[Collection entries]
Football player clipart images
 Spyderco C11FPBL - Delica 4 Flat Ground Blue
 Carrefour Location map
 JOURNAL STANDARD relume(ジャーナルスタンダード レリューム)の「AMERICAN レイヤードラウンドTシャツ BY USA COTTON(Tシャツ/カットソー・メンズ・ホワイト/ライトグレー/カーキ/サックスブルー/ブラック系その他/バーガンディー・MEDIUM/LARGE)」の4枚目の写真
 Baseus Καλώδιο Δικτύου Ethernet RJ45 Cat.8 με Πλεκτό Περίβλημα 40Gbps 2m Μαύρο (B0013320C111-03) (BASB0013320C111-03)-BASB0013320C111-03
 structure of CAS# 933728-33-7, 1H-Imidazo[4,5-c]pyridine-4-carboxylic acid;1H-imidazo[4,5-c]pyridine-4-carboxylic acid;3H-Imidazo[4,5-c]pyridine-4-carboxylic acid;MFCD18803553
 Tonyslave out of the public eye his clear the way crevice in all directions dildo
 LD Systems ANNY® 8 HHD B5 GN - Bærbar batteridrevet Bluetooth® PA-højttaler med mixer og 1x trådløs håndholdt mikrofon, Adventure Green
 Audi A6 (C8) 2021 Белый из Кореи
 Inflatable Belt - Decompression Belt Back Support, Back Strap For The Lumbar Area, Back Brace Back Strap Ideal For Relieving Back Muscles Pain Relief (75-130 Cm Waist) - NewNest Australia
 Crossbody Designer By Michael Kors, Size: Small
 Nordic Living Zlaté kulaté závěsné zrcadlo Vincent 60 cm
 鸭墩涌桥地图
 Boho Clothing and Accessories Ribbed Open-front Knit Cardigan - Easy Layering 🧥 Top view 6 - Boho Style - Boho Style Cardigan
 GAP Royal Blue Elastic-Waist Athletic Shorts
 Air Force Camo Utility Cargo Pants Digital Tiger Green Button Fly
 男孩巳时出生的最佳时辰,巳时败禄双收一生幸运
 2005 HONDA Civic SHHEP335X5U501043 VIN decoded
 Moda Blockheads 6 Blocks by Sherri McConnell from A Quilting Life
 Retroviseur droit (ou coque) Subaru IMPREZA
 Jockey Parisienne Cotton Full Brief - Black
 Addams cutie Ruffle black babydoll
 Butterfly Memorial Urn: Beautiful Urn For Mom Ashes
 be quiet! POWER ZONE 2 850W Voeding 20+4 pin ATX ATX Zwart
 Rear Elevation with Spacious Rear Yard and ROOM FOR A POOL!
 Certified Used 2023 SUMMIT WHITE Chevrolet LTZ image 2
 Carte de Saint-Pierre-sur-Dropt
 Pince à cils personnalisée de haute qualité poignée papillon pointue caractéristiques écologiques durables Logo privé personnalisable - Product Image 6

**Exercise brief**: Exactly as given, set down all of the lines above.

**Response to this exercise**:
Football player clipart images
 Spyderco C11FPBL - Delica 4 Flat Ground Blue
 Carrefour Location map
 JOURNAL STANDARD relume(ジャーナルスタンダード レリューム)の「AMERICAN レイヤードラウンドTシャツ BY USA COTTON(Tシャツ/カットソー・メンズ・ホワイト/ライトグレー/カーキ/サックスブルー/ブラック系その他/バーガンディー・MEDIUM/LARGE)」の4枚目の写真
 Baseus Καλώδιο Δικτύου Ethernet RJ45 Cat.8 με Πλεκτό Περίβλημα 40Gbps 2m Μαύρο (B0013320C111-03) (BASB0013320C111-03)-BASB0013320C111-03
 structure of CAS# 933728-33-7, 1H-Imidazo[4,5-c]pyridine-4-carboxylic acid;1H-imidazo[4,5-c]pyridine-4-carboxylic acid;3H-Imidazo[4,5-c]pyridine-4-carboxylic acid;MFCD18803553
 Tonyslave out of the public eye his clear the way crevice in all directions dildo
 LD Systems ANNY® 8 HHD B5 GN - Bærbar batteridrevet Bluetooth® PA-højttaler med mixer og 1x trådløs håndholdt mikrofon, Adventure Green
 Audi A6 (C8) 2021 Белый из Кореи
 Inflatable Belt - Decompression Belt Back Support, Back Strap For The Lumbar Area, Back Brace Back Strap Ideal For Relieving Back Muscles Pain Relief (75-130 Cm Waist) - NewNest Australia
 Crossbody Designer By Michael Kors, Size: Small
 Nordic Living Zlaté kulaté závěsné zrcadlo Vincent 60 cm
 鸭墩涌桥地图
 Boho Clothing and Accessories Ribbed Open-front Knit Cardigan - Easy Layering 🧥 Top view 6 - Boho Style - Boho Style Cardigan
 GAP Royal Blue Elastic-Waist Athletic Shorts
 Air Force Camo Utility Cargo Pants Digital Tiger Green Button Fly
 男孩巳时出生的最佳时辰,巳时败禄双收一生幸运
 2005 HONDA Civic SHHEP335X5U501043 VIN decoded
 Moda Blockheads 6 Blocks by Sherri McConnell from A Quilting Life
 Retroviseur droit (ou coque) Subaru IMPREZA
 Jockey Parisienne Cotton Full Brief - Black
 Addams cutie Ruffle black babydoll
 Butterfly Memorial Urn: Beautiful Urn For Mom Ashes
 be quiet! POWER ZONE 2 850W Voeding 20+4 pin ATX ATX Zwart
 Rear Elevation with Spacious Rear Yard and ROOM FOR A POOL!
 Certified Used 2023 SUMMIT WHITE Chevrolet LTZ image 2
 Carte de Saint-Pierre-sur-Dropt
 Pince à cils personnalisée de haute qualité poignée papillon pointue caractéristiques écologiques durables Logo privé personnalisable - Product Image 6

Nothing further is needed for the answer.